MyLittleModel is now a pure feed-forward network (before it had a CNN part), #168 (closed)


technical:

new compile options check to ensure its execution, #154 (closed)

bugfix for key errors in time series plot, #169 (closed)

bugfix for not used kwargs in DefaultDataHandler, #170 (closed)


trainable parameter is renamed by train_model to prevent confusion with the tf trainable parameter, #162 (closed)

fixed HPC installation failure, #159 (closed)


v0.11.0 -  2020-08-24  -  Advanced Data Handling for MLAir

general

Introduce advanced data handling with much more flexibility (independent of TOAR DB, custom data handling is
pluggable), #144 (closed)

default data handler is still using TOAR DB


new features

default data handler using TOAR DB refactored according to advanced data handling, #140 (closed), #141 (closed), #152 (closed)

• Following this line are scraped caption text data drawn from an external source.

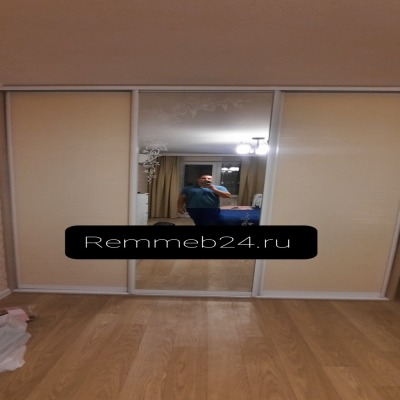 Видео и фото по ремонту шкафа купе с раздвижной системой Замена зеркала шкафа или фасада. - вид 1 миниатюра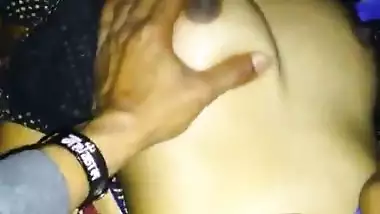 Vilupuram Tamil call girl boobs pressed by her customer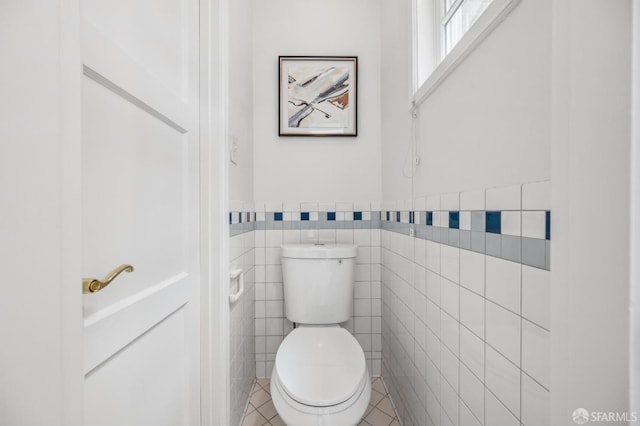 25 Roselyn Ter, San Francisco, CA 94118 - bathroom with toilet, tile walls, tile patterned floors, and wainscoting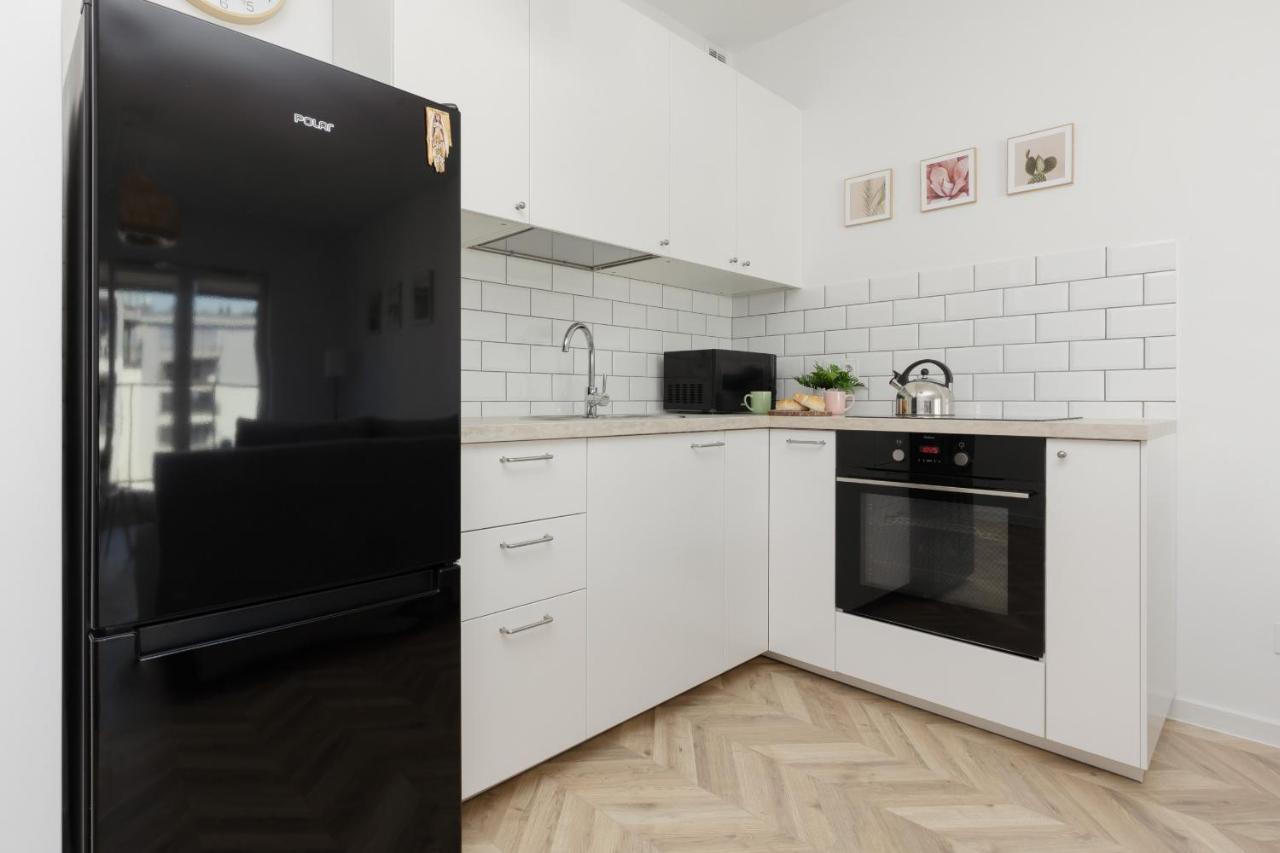 Ursus Sunny For 4 Guests With Parking & Balcony By Renters Warszawa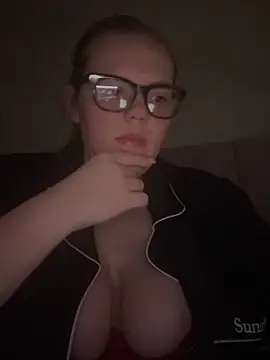 MissMilly050 online show from April 3, 2026, 7:01 pm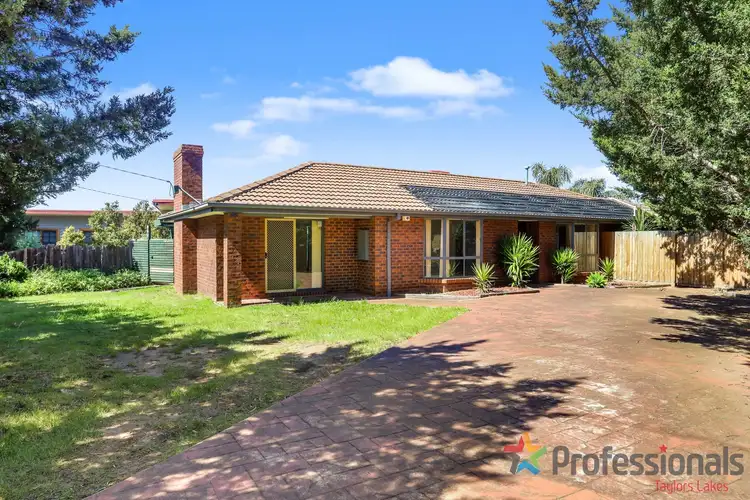33 Victoria Road, Sydenham VIC 3037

data sets are handled as collections, #142 (closed), and are iterable in a standard way (StandardIterator) and optimised for
keras (KerasIterator), #143 (closed)

automatically moving station map plot, #136 (closed)


technical

model modules available from package, #139 (closed)

renaming of parameter time dimension, #151 (closed)

refactoring of README.md, #138 (closed)


v0.10.0 -  2020-07-15  -  MLAir is official name, Workflows, easy Model plug-in

general

Official project name is released: MLAir (Machine Learning on Air data)
a model class can now easily be plugged in into MLAir. #121 (closed)

introduced new concept of workflows, #134 (closed)


new features

workflows are used to execute a sequence of run modules, #134 (closed)

default workflows for standard and the Juelich HPC systems are available, custom workflows can be defined, #134 (closed)

seasonal decomposition is available for conditional quantile plot, #112 (closed)

map plot is created with coordinates, #108 (closed)


flatten_tails are now more general and easier to customise, #114 (closed)

model classes have custom compile options (replaces set_loss), #110 (closed)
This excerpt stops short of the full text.